FG Hamburg, Mitteilung vom 01.10.2019 zum Urteil 6 K 206/18 vom 16.04.2019 (nrkr – BFH-Az.: I R 28/19)
Im Streitfall übte ein in Deutschland unbeschränkt steuerpflichtiger Kapitän seine Tätigkeit auf einem auf den Bahamas registrierten Seeschiff aus. Der Arbeitgeber hatte seinen Sitz auf Zypern. Nach der im Streitjahr 2012 geltenden Fassung von Art. 14 Abs. 4 des DBA Zypern i. V. mit der entsprechenden Protokollerklärung werden Vergütungen für eine an Bord eines Seeschiffes im internationalen Verkehr ausgeübte unselbständige Arbeit nur in dem Vertragsstaat besteuert, in dem sich der Ort der tatsächlichen Geschäftsleitung des Unternehmens, d. h. des Arbeitgebers, befindet. Die Einkünfte des Klägers waren danach entsprechend Art. 22 Abs. 2 DBA Zypern in Deutschland nur im Rahmen des Progressionsvorbehalts zu berücksichtigen.
Allerdings sieht § 50d Abs. 9 Satz 1 Nr. 2 EStG zur Vermeidung sog. weißer Einkünfte vor, dass ungeachtet der abkommensrechtlichen Freistellung eine Besteuerung im Inland erfolgen kann, wenn die Einkünfte in dem anderen Staat nur deshalb nicht steuerpflichtig sind, weil sie von einer Person bezogen werden, die in diesem Staat nicht aufgrund ihres Wohnsitzes unbeschränkt steuerpflichtig ist. Diese Voraussetzungen waren im Streitfall erfüllt: Nach zypriotischem Recht ist die Heuer für die Tätigkeit auf in Zypern registrierten Schiffen steuerfrei, während die Tätigkeit auf nicht in Zypern registrierten Schiffen, im Streitfall auf den Bahamas, nur bei beschränkt steuerpflichtigen Seeleuten nicht besteuert wird.

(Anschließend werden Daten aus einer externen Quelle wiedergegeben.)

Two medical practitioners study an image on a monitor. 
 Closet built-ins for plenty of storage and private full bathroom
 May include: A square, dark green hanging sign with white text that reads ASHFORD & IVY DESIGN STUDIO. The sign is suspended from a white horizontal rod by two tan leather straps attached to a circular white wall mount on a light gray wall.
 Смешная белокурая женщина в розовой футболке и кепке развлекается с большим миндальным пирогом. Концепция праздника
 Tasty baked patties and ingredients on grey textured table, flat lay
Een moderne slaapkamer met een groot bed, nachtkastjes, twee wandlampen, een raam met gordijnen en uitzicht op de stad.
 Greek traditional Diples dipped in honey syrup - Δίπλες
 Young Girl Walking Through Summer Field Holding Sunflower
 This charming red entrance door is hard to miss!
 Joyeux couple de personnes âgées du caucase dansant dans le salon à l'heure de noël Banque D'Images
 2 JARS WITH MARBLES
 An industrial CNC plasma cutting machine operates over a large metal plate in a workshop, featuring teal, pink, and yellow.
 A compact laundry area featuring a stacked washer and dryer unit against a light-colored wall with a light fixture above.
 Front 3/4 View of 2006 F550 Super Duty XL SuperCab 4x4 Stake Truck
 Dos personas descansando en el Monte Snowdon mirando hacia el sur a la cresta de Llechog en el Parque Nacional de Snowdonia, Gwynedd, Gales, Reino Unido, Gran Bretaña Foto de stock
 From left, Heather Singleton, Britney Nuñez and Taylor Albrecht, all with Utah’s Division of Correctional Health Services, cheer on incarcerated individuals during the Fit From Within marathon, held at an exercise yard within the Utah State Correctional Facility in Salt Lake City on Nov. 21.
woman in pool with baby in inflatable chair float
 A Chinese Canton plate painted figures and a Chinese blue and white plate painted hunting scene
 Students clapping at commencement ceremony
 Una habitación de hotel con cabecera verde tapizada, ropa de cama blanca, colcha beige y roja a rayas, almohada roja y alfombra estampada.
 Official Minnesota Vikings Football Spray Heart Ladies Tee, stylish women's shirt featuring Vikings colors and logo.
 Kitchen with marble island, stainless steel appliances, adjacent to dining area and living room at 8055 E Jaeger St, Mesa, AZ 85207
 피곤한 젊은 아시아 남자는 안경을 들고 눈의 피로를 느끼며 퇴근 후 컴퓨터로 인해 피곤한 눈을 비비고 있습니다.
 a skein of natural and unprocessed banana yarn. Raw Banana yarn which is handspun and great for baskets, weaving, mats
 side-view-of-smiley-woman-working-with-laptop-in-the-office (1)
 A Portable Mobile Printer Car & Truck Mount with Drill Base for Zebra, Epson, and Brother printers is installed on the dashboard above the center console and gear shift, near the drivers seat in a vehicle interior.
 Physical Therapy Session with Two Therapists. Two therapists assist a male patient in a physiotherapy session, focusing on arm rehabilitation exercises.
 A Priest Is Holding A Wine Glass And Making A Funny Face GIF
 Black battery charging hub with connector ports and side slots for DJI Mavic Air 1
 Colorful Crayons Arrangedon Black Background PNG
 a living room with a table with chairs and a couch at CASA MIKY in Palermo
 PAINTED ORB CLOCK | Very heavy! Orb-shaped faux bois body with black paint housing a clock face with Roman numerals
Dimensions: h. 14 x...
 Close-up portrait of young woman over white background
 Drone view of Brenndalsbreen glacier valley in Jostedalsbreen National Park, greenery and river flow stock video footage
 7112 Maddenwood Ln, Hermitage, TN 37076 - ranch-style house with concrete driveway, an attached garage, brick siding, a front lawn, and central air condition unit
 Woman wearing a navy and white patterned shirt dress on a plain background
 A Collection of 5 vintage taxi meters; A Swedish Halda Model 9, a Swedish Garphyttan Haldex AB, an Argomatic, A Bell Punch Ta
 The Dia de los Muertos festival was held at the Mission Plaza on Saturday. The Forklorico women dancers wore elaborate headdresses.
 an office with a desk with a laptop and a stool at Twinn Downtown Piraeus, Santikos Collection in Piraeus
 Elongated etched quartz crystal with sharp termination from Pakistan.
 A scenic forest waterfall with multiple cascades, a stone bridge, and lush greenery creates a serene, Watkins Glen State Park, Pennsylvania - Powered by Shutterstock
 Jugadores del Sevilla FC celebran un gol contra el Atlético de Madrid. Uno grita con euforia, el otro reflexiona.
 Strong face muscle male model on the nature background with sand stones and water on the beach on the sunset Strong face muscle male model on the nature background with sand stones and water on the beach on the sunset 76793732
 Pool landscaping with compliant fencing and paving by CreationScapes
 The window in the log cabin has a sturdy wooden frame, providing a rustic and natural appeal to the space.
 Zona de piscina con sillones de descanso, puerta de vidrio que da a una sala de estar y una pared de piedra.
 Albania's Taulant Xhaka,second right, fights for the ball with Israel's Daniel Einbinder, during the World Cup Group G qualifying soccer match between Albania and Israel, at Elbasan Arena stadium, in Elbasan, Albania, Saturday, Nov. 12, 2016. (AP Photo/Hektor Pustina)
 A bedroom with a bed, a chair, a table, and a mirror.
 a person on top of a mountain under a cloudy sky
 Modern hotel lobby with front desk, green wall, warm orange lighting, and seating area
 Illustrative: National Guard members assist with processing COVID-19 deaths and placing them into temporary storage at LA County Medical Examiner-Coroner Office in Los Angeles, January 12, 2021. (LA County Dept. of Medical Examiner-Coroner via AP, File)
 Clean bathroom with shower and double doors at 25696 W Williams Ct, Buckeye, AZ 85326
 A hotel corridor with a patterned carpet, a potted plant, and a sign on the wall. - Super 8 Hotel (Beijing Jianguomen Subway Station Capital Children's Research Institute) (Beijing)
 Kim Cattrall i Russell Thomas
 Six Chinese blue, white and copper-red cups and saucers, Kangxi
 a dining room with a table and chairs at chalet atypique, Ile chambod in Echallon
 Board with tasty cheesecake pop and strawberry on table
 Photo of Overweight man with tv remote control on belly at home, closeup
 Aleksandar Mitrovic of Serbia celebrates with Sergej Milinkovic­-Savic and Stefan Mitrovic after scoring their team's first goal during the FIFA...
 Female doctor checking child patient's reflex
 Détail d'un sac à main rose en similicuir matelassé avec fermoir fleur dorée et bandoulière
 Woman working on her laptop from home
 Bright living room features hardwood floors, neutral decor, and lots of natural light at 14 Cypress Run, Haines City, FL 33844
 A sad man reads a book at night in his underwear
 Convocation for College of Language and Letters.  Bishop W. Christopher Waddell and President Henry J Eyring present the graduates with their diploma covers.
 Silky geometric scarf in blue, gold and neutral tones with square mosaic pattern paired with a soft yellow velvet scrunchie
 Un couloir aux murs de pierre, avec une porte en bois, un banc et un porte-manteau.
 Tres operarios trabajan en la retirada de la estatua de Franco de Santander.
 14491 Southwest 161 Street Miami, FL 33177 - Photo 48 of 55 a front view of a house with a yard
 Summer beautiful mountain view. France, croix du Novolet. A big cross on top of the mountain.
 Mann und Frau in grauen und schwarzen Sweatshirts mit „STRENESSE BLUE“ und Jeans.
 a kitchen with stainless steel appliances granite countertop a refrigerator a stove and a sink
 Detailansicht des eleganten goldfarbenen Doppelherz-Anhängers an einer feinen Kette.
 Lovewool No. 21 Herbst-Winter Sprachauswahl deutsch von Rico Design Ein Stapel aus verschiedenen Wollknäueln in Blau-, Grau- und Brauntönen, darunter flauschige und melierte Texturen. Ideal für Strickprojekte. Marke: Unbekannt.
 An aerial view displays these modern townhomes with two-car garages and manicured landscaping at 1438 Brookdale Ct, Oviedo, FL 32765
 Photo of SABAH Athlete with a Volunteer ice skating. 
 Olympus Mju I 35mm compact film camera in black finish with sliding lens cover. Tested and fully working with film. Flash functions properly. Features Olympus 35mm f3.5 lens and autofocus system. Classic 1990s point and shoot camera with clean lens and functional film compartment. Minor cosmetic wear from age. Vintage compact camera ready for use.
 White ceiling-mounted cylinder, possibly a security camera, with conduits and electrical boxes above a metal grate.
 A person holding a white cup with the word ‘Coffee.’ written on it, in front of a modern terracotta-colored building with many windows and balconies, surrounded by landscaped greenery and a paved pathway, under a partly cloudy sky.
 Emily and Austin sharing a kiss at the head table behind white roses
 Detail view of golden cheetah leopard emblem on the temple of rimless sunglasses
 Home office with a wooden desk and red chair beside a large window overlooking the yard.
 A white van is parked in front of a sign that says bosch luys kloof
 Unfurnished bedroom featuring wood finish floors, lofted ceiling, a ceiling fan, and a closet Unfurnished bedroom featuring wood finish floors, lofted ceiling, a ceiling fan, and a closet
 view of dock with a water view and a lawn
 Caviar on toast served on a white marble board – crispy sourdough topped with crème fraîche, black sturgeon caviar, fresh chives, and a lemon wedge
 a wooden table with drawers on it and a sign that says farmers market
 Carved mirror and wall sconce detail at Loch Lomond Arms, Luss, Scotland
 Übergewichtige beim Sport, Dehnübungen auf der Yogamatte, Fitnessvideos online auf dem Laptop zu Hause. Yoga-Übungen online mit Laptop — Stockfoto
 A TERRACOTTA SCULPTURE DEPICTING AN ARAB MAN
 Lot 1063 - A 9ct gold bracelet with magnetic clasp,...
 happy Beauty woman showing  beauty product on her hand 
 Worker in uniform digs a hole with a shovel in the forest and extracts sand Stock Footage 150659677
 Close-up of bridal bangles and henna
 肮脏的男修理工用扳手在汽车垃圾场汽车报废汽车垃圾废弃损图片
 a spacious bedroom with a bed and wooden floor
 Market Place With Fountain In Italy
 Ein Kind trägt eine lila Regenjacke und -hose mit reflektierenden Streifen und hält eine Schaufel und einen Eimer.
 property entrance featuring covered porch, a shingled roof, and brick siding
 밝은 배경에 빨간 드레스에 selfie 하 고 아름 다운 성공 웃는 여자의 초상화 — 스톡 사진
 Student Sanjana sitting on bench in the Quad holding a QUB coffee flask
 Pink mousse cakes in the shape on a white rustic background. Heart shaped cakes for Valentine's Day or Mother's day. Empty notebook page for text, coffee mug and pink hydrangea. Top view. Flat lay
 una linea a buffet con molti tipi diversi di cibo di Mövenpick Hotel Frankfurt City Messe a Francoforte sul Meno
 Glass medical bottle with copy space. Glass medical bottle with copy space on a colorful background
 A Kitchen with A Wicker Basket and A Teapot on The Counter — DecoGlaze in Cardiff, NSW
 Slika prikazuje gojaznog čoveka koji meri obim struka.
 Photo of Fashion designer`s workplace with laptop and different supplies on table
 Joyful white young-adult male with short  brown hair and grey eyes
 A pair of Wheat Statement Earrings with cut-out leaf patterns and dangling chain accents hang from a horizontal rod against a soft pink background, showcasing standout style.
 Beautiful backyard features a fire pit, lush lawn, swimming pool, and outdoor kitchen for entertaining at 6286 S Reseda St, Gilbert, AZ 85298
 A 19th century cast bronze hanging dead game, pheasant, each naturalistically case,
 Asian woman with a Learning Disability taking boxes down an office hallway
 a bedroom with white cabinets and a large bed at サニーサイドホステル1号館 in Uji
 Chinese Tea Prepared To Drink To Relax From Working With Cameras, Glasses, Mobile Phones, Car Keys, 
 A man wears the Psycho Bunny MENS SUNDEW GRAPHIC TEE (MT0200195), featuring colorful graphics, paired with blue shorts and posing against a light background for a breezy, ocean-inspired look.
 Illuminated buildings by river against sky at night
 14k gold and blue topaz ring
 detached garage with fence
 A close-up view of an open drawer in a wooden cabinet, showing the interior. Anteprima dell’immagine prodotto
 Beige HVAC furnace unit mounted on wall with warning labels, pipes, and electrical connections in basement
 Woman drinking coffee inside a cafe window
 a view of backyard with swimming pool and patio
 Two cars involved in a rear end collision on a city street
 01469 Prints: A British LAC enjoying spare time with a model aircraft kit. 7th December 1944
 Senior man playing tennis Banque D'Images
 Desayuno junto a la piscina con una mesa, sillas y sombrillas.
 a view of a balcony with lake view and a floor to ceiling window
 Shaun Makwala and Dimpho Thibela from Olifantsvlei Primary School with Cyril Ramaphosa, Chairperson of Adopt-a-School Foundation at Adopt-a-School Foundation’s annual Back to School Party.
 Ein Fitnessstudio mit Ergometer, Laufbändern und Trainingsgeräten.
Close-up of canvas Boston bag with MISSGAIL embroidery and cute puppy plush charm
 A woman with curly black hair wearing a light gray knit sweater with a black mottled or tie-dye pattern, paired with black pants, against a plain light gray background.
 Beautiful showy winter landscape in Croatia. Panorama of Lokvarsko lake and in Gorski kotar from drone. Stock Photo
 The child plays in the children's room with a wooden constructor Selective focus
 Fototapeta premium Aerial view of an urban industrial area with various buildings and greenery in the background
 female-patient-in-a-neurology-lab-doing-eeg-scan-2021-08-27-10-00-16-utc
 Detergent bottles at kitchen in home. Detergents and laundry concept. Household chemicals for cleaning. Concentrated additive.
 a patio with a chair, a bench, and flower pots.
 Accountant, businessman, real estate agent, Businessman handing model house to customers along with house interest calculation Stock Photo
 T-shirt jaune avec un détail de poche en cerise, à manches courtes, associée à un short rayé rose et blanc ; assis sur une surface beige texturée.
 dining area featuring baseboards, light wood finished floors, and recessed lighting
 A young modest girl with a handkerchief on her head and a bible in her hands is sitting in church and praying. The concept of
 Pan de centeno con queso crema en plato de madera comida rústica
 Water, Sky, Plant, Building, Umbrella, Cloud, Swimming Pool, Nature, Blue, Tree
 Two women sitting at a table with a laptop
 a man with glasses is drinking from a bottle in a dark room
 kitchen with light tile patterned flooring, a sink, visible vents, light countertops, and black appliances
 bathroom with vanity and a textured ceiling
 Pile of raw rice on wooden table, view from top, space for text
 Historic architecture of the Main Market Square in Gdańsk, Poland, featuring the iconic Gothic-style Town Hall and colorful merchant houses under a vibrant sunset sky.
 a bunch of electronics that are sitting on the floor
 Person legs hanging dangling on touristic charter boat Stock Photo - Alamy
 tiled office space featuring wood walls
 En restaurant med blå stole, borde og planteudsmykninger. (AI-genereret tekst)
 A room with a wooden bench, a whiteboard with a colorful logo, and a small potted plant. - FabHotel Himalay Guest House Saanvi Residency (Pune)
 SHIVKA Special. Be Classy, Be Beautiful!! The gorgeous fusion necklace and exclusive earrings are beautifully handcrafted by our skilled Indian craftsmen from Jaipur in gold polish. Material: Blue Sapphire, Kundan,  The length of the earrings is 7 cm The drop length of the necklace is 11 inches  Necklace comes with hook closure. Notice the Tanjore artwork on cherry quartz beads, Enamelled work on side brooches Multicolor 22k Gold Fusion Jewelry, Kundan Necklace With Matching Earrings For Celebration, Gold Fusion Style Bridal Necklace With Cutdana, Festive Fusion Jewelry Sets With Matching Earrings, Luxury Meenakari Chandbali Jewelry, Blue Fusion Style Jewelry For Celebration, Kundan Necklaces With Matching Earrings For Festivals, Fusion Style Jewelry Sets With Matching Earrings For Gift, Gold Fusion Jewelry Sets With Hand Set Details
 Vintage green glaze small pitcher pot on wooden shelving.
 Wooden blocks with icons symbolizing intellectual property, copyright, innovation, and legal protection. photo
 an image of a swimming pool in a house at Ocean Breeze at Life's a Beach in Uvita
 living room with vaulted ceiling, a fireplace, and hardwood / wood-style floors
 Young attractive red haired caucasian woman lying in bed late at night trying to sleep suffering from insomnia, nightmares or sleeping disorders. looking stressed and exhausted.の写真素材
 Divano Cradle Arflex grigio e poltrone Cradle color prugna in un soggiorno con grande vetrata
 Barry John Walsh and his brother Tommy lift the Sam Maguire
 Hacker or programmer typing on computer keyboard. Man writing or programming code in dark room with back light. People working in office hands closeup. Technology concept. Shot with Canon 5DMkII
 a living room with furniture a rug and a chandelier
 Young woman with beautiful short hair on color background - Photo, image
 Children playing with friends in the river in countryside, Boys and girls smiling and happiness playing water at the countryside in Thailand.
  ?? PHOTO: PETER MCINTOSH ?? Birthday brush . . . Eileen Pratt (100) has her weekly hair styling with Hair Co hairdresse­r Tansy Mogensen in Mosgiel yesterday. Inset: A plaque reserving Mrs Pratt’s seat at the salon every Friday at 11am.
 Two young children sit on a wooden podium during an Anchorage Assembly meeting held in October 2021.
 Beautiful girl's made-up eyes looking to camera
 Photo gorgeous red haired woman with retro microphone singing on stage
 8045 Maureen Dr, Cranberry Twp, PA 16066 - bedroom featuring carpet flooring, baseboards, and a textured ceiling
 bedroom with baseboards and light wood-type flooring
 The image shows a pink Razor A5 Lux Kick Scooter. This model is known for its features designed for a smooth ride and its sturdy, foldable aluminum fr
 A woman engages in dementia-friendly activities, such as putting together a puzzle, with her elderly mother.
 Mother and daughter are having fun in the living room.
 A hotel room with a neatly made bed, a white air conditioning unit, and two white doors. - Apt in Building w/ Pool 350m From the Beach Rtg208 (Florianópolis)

In rechtlicher Hinsicht bestand das Problem, dass die Überprüfung der Verfassungswidrigkeit von § 50d Abs. 9 Satz 1 Nr. 2 EStG auf Vorlage des 1. Senat des BFH (vom 20. August 2014 I R 86/13) dem BVerfG vorliegt (2 BvL 21/14). Insoweit ist der angegriffene Bescheid während des Verfahrens gem. § 165 AO für vorläufig erklärt worden. Ansonsten stritten die Beteiligten um die Unionsrechtswidrigkeit der zypriotischen Regelung, die zwischen der Schiffsregistrierung in Zypern und außerhalb Zyperns differenziert, als Vorfrage für die Anwendung von § 50d Abs. 9 Satz 1 Nr. 2 EStG. Der erkennende 6. Senat hat die Unionsrechtswidrigkeit der zypriotischen Regelung verneint, aber die Revision zugelassen.
Es wurde beim BFH Revision eingelegt (Az. I R 28/19).